Ai Chi for Fall Prevention in community-dwelling adults

An Ai Chi-based aquatic group improves balance and reduces falls in community-dwelling adults: A pilot observational cohort study from Australia. | October 2016

By Elizabeth H. Skinner , PhD, BPhysio (Hons). MAPA, Tammy Dinh , BPhysio, Melissa Hewitt , BSc Physio (Hons). MAPA, Ross Piper , B.App Sci (Physio) & Claire Thwaites , BPhysio

Background

Falls are associated with morbidity, loss of independence, and mortality. While land-based group exercise and Tai Chi programs reduce the risk of falls, aquatic therapy may allow patients to complete balance exercises with less pain and fear of falling; however, limited data exist.

Objective

The objective of the study was to pilot the implementation of an aquatic group based on Ai Chi principles (Aquabalance) and to evaluate the safety, intervention acceptability, and intervention effect sizes.

Design

Pilot observational cohort study.

Methods

Forty-two outpatients underwent a single 45-minute weekly group aquatic Ai Chi-based session for eight weeks (Aquabalance).
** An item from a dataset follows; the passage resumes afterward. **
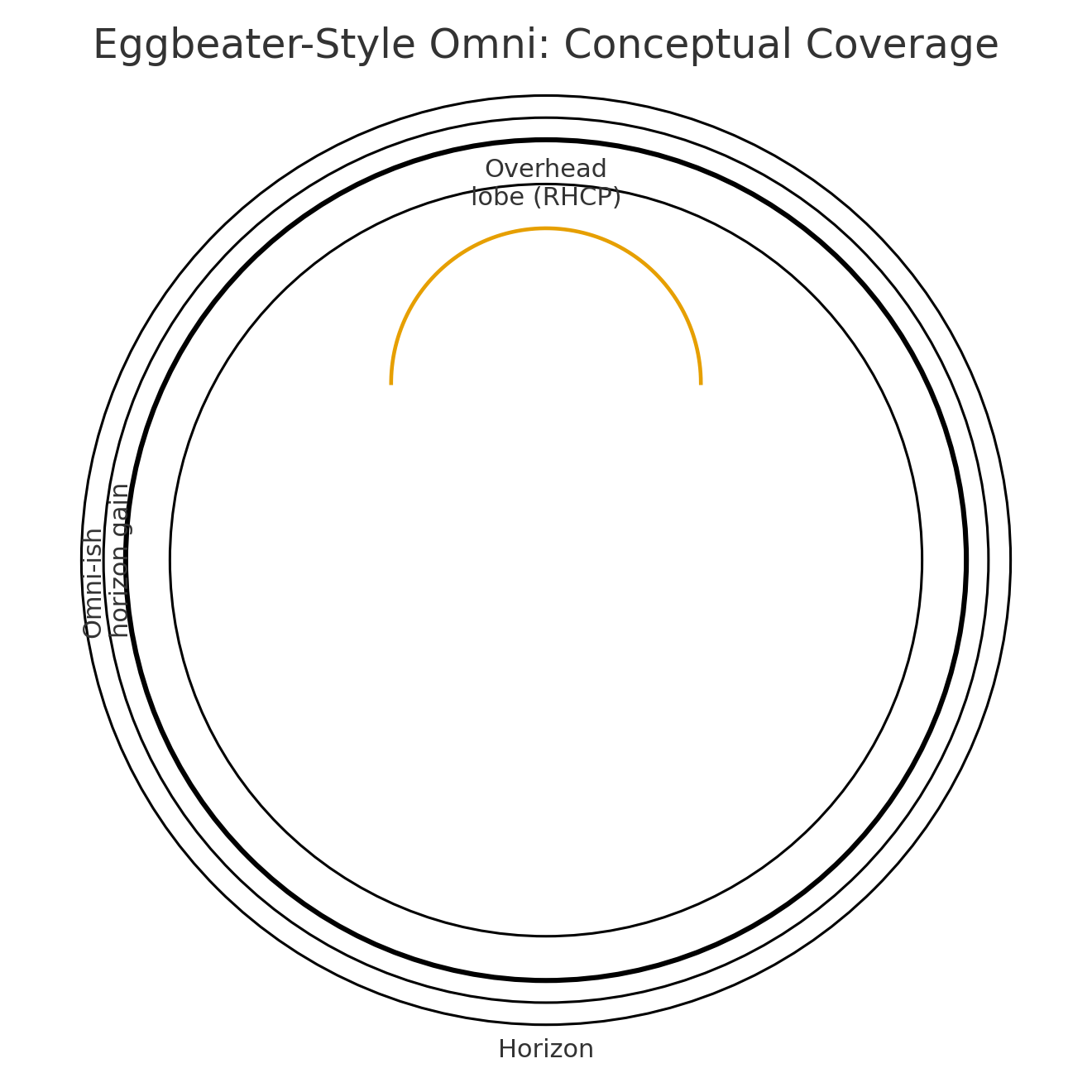 Eggbeater coverage concept diagram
Safety was monitored using organizational reporting systems. Patient attendance, satisfaction, and self-reported falls were also recorded. Balance measures included the Timed Up and Go (TUG) test, the Four Square Step Test (FSST), and the unilateral Step Tests.

Results

Forty-two patients completed the program. It was feasible to deliver Ai Chi-based session (Aquabalance), as evidenced by the median (IQR) attendance rate of 8.0 (7.8, 8.0) out of 8. No adverse events occurred and participants reported high satisfaction levels. Improvements were noted on the TUG, 10-meter walk test, the Functional Reach Test, the FSST, and the unilateral step tests (p < 0.05). The proportion of patients defined as high falls risk reduced from 38% to 21%. The study was limited by its small sample size, single-center nature, and the absence of a control group.

Conclusion

Ai Chi-based session (Aquabalance) was safe, well-attended, and acceptable to participants. A randomized controlled assessor-blinded trial is required.